What is a Flood Plain?
  That area which experience has shown to be, or expert opinion holds likely to be, subject to high water condition connected with tide, storm, or seasonal changes. There are several types of Flood Plains -- 100 year, 500 year, etc -- and these are broken down into zones, which affect the use of the property.
   
What is a Wind Zone?
  Wind zones are determined as to the proximity to the coast.
  Example: Wind Zone I is closest to the coast and extends 5 miles inward. Winds will be strongest in the area.
    Wind Zone II may be from 5 to 10 miles inward and winds will be less.
    Wind Zone III may be 10 to 25 miles inward with less wind velocity.

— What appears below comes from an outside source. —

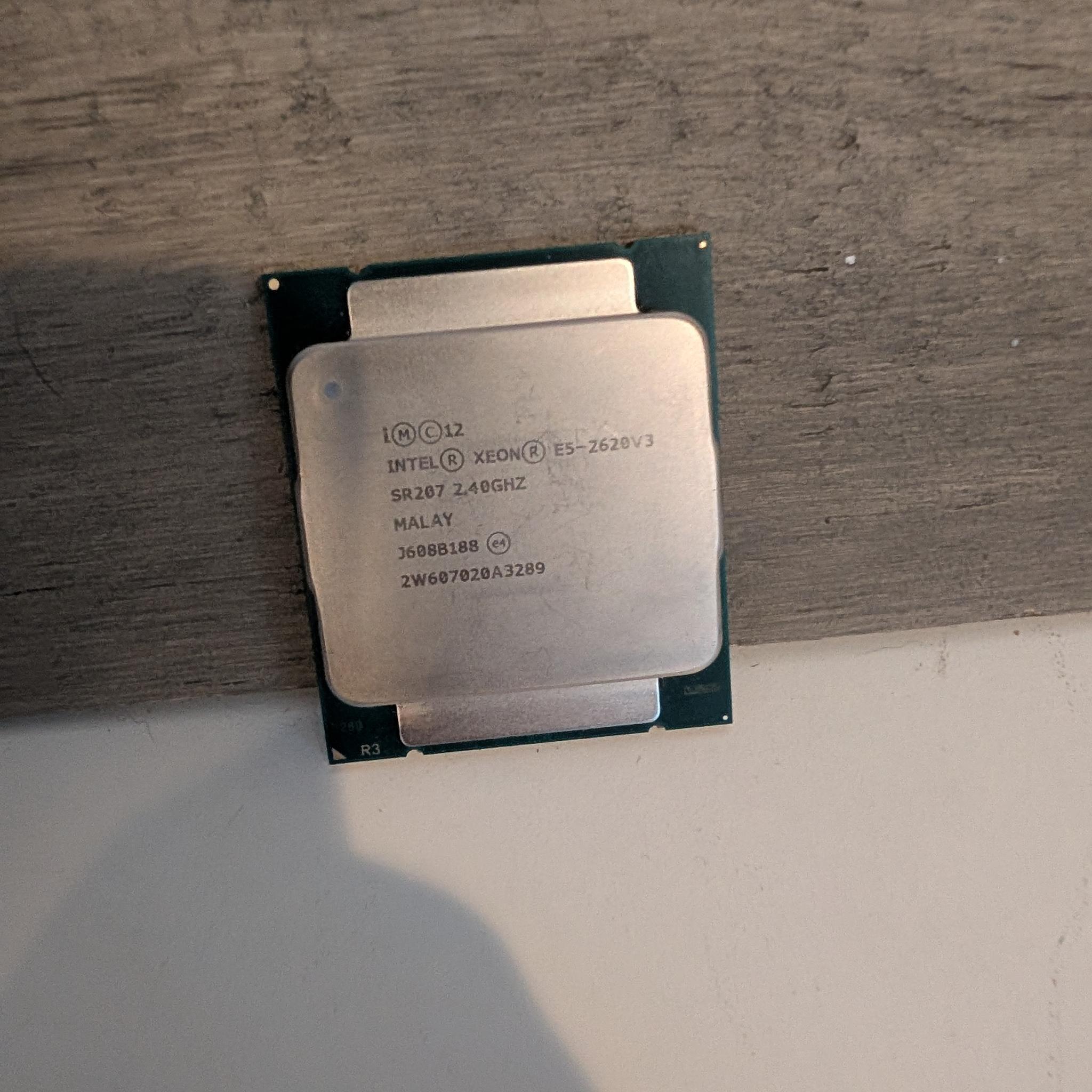 Xeon e5-2620v3 works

  These zones determine how structures are built and also insurance rates.
 
What is a Perk Test?
  When there is no public sewer system, a septic tank system must be constructed. In order to do this, a septic permit must be obtained from the county in which the property is located. A soil suitability test is done by the local Environmental Health Department. There are many places in the coastal areas that will fail the perk tests.
   
What are Wetlands?
  Areas along the coast, rivers, creeks, tributaries, lakes, and inland, that are protected by the Federal and State Agencies, because of their importance to our environment. they are determined by types of soil, vegetation, and water tables.
   
What is an Elevation Certificate?
  A document required by FEMA in order for the insurance industry to write a policy for a structure. It must be done by a licensed surveyor. It determines the elevation of the floor of the house from the base of the flood plain.
What is a Bulkhead?
  Walls that are built along a shoreline to protect against erosion. They cannot be built everywhere, and require permits from several Government Agencies. They are normally built of wood, vinyl, rock, or concrete.